Calling Iran’s decision to avoid U.S. casualties in its “retaliation” for the death of the country’s top general “a good thing for all parties concerned,” the president’s announcement that the country “appears to be standing down” was certainly not good for gold at first glance.
When news first broke on the Iranian missile attack on a U.S. base in Iraq, gold prices skyrocketed.
This was not particularly surprising, since global tensions are nearly always positive for gold values.
To further exacerbate economic uncertainty, a potential conflict with Iran had not been on any public economic radar when 2020 predictions were being made.
As 2019 drew to a close, most analysts were focused on the twin issues of impeachment and U.S.-China trade tensions.
The former is considered by most to be a foregone conclusion, and the latter was already winding down as a potential threat to economic stability.

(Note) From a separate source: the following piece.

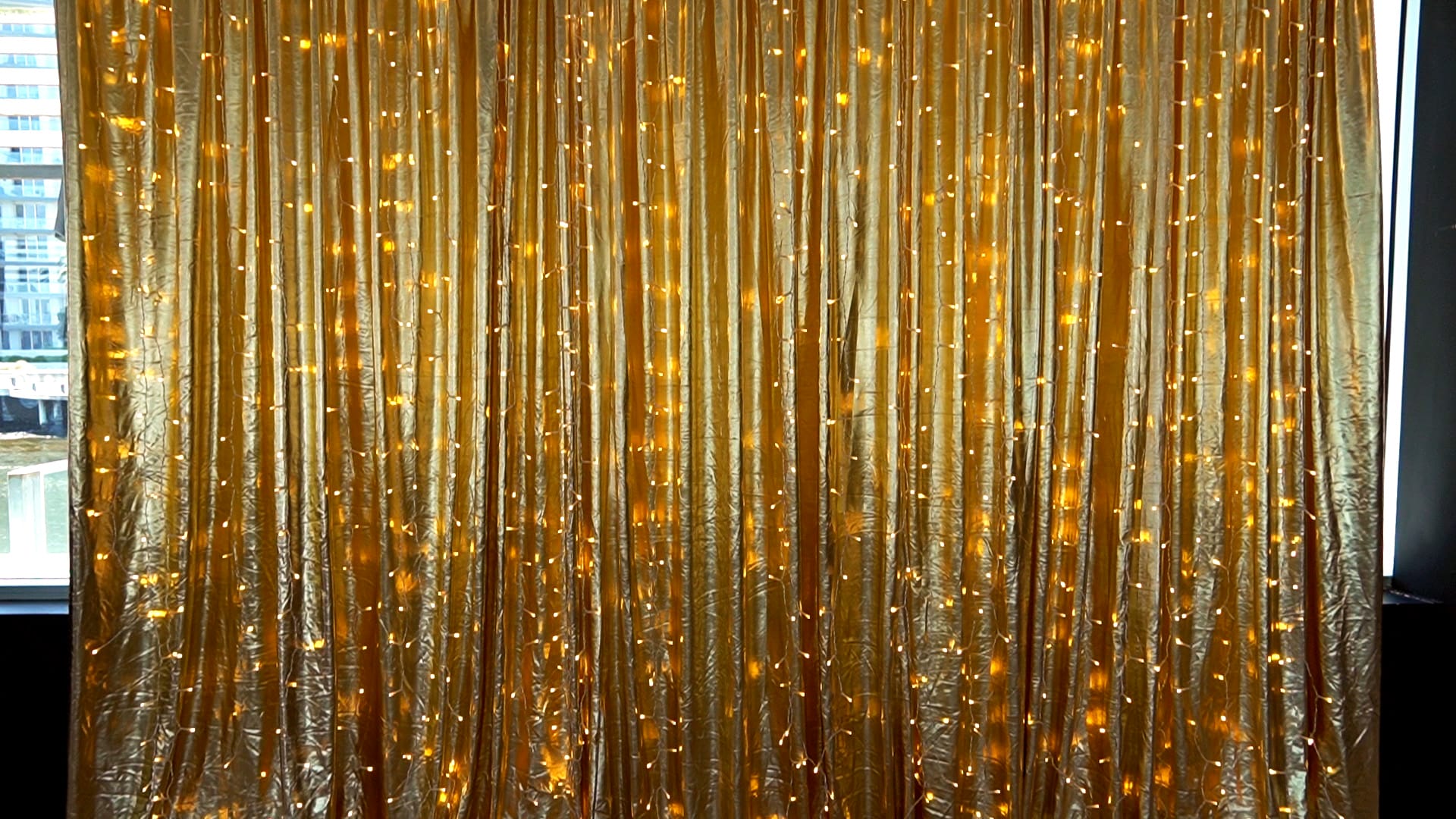 Gold metallic drape with fairy lights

“With the impeachment proceedings, it was by and large mostly taken for granted that the president would be impeached and not be convicted, not be removed from office,” said Scope Ratings director Dennis Shen.
However, Shen continued, the Iran tensions have a much cloudier outlook even once the immediate threat has passed. “With Iran, there is a much higher asymmetric, or tail risk,” he said.
This means that the global economic environment is likely to remain volatile even in the wake of a “resolution” of the current conflict, and that volatility will probably keep gold values high.
Not surprisingly, indicators of rising market volatility rose earlier this week.
Gold rallied to a six-year high; crude spiked, and bitcoin values soared. As Iran announced its withdrawal from the nuclear deal, Iraq officially voted to expel U.S. troops, and the online war of words among state officials escalated, those indicators became more pronounced.
All of this combined to create a highly vulnerable environment for the financial markets that is likely to continue even as Middle East tensions ease.
“Markets at the moment are highly vulnerable because [they] had such a good run last year,” said Berenberg chief economist Holger Schmieding. He added, however, that he does not foresee a “major threat to the global economy” unless the “asymmetric” Iranian threat continues to grow in scale.
Whether the Iranian threat expands or diminishes, however, the gold fall-off in the wake of President Trump’s announcement regarding easing tensions in the Middle East is unlikely to continue for long.
In fact, as of midday on January 10, 2020, values were already trending back upward and the 30-day change in gold prices was still more than 5 percent to the good.